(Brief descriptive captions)
=== Begin Enclosure ===
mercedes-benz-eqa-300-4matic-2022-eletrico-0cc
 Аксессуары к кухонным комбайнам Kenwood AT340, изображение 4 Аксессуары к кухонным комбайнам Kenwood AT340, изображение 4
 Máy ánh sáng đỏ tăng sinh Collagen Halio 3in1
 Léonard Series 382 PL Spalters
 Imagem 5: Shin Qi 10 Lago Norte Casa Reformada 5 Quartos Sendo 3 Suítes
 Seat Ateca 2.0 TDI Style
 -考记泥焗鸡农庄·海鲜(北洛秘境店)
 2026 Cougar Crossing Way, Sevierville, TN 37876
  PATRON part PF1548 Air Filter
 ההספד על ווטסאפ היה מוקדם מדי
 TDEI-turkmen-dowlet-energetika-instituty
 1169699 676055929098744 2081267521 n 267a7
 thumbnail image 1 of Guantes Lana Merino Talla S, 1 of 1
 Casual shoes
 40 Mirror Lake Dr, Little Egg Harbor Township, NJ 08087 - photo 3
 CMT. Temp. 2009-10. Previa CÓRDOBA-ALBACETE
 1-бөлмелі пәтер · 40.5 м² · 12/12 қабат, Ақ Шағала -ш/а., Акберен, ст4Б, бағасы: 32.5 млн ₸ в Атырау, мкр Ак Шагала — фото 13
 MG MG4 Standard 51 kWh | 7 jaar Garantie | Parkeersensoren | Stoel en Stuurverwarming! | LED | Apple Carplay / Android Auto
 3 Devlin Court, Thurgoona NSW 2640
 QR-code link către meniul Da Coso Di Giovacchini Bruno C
=== End Enclosure ===
Task: Look above for the line with "1-бөлмелі пәтер ·" and the line with "3 Devlin Court, Thurgoona NSW 2640". Write out those two lines and all the lines between them, exactly, and no others.

Expected answer:
 1-бөлмелі пәтер · 40.5 м² · 12/12 қабат, Ақ Шағала -ш/а., Акберен, ст4Б, бағасы: 32.5 млн ₸ в Атырау, мкр Ак Шагала — фото 13
 MG MG4 Standard 51 kWh | 7 jaar Garantie | Parkeersensoren | Stoel en Stuurverwarming! | LED | Apple Carplay / Android Auto
 3 Devlin Court, Thurgoona NSW 2640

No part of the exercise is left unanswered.